→ **Task to carry out**: Copy out the data exactly as it appears, without a single image.

→ **Data extract**:
***
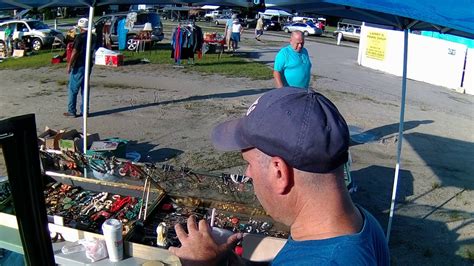<strong>Shell Factory</strong>. . Flea market at shell factory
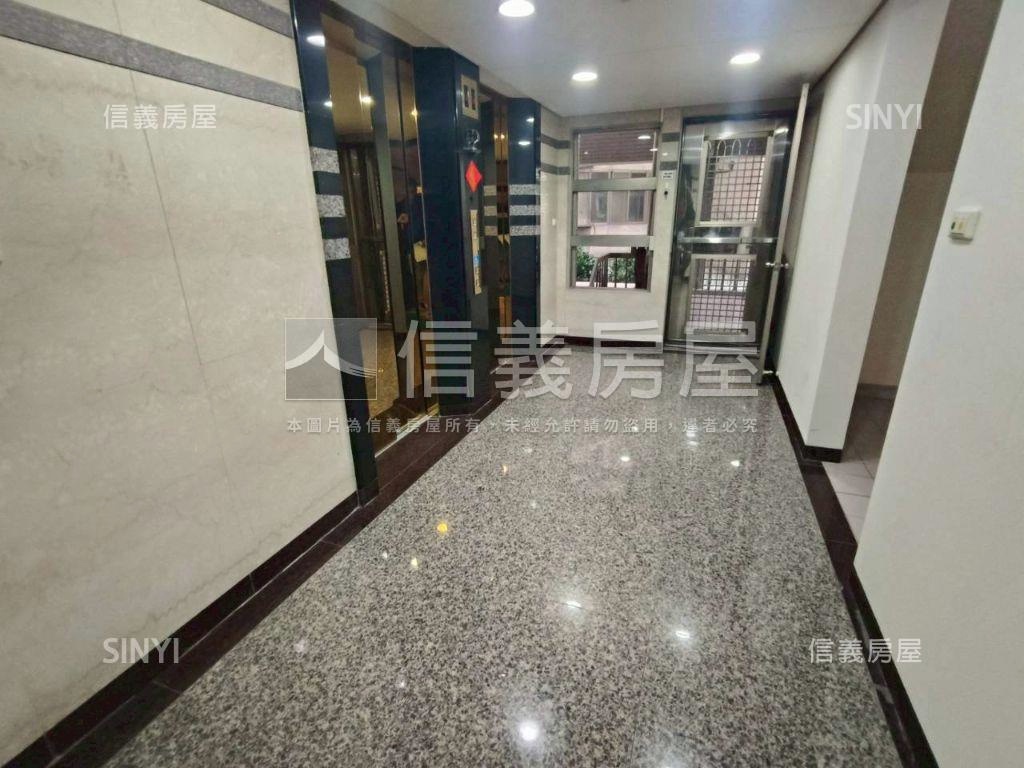 ＳＲＣ小西華三房車位房屋室內格局與周邊環境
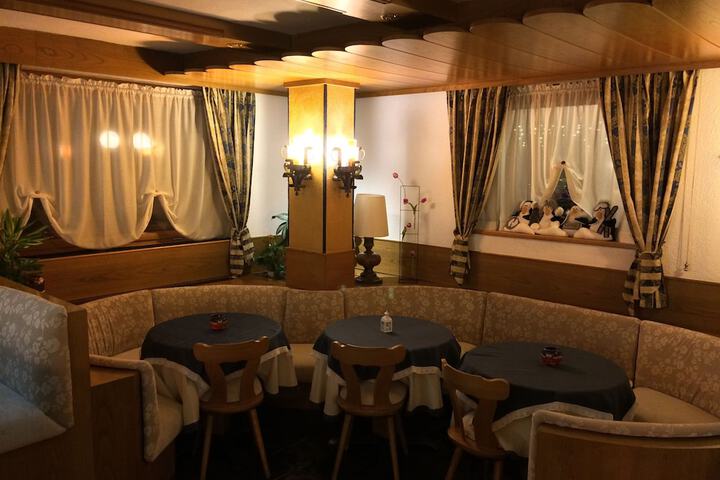 Dining Photos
***
→ **Result of this task**:
<strong>Shell Factory</strong>. . Flea market at shell factory
 ＳＲＣ小西華三房車位房屋室內格局與周邊環境
 Dining Photos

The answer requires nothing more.